V: Hoe is de samenwerking ontstaan?
A: [medeverdachte 1] heb ik leren kennen, op een gegeven moment leek het mij een aantrekkelijk iets. (…) Zodoende ben ik er een beetje ingerold en mocht ik rond rijden en heb ik de collega’s leren kennen. De hoofdreden dat ik mee deed was dat ik verslaafd was en geld nodig had. Kijk je belt naar een bepaald nummer en als dat spul je bevalt bel je vaker. En als ik geld nodig had vroeg ik of ik misschien iets kon betekenen, dat was bij [medeverdachte 1] .
V: Zat daar nog verschil in?
A: Onder [medeverdachte 1] had je [verdachte] , daaronder [medeverdachte 4] , dan [medeverdachte 2] en dan ik.
V: Waarom stond iemand hoger?
A: aan de manier van het met elkaar omgaan, welke diensten je werkte, hoe je aan en afmeldt, de taken die je had.
V: Op welke wijze werkten jullie?
A: dan krijg je een aantal spullen mee, dat is gewoon de telling, 10 streepjes en 10 v’tjes, dus 20 sealtjes totaal. De telefoon kreeg ik ook mee. Als iemand nog wachtte, dan hoorde ik dat bij de overdracht. En ook de planning kreeg ik mee. En dat was het vaak. Als [medeverdachte 1] bijvoorbeeld weg moest dan gingen we soms nog even meeten.
V: Werkten jullie met een vast rooster?
A: Ja, dat ging steeds beter.
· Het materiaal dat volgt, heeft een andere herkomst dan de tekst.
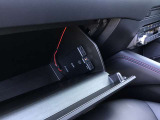 ETCが装着されています。再セットアップ後高速道路の料金所をノンストップで通過できて大変便利です。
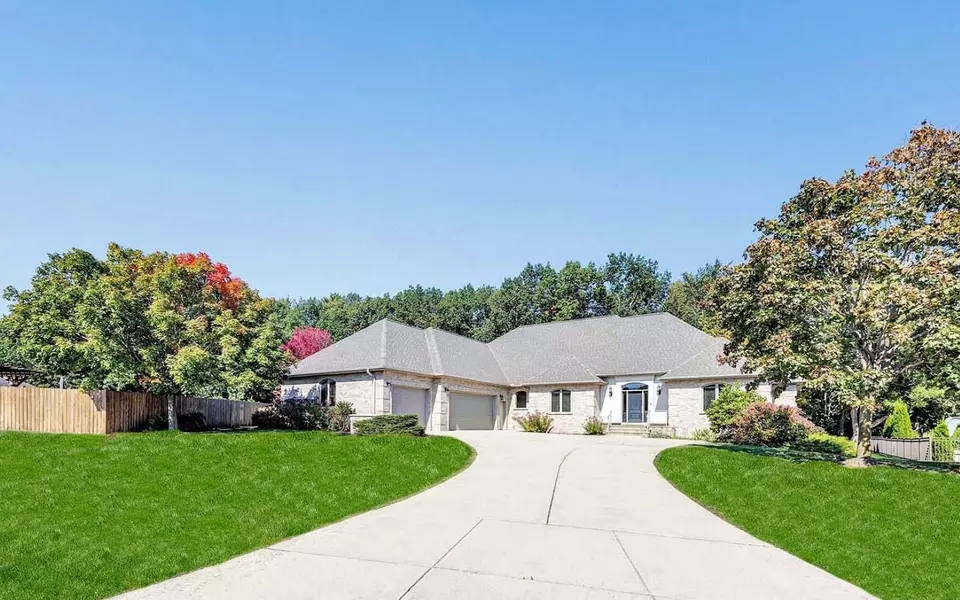 3335 LANGDON ST, Green Bay, WI 54311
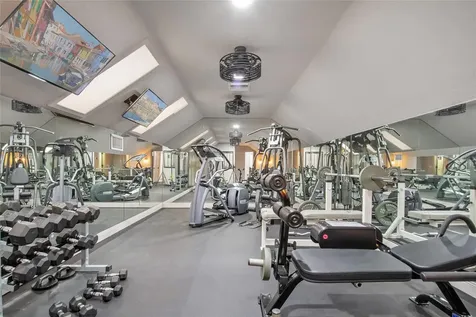 9349 Tibet Pointe Circle Windermere FL 34786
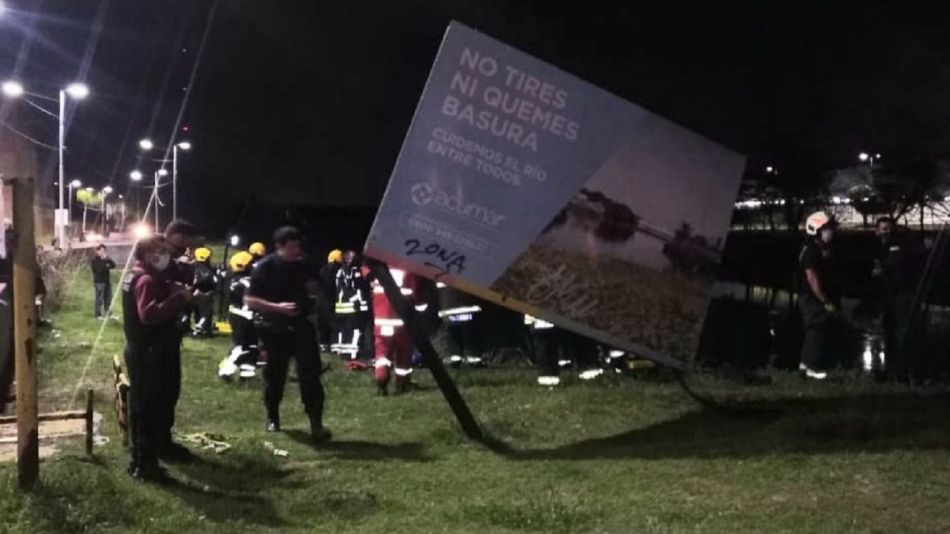 Un auto cayó al Riachuelo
Dat werd ook steeds strakker.
V: Wat bedoelde je met ‘aan het werk’?
A: drugs rondbrengen.
V: Wat voor drugs?
A: altijd cocaïne
=========================================================================
[…]

Voetnoten

1.Deze aanhouding vond plaatst in het kader van onderzoek Lemon, (zie doorgenummerde pagina A1180), waaruit onderhavig onderzoek inzake drugshandel (Apple) is voortgekomen (zie doorgenummerde pagina A0997).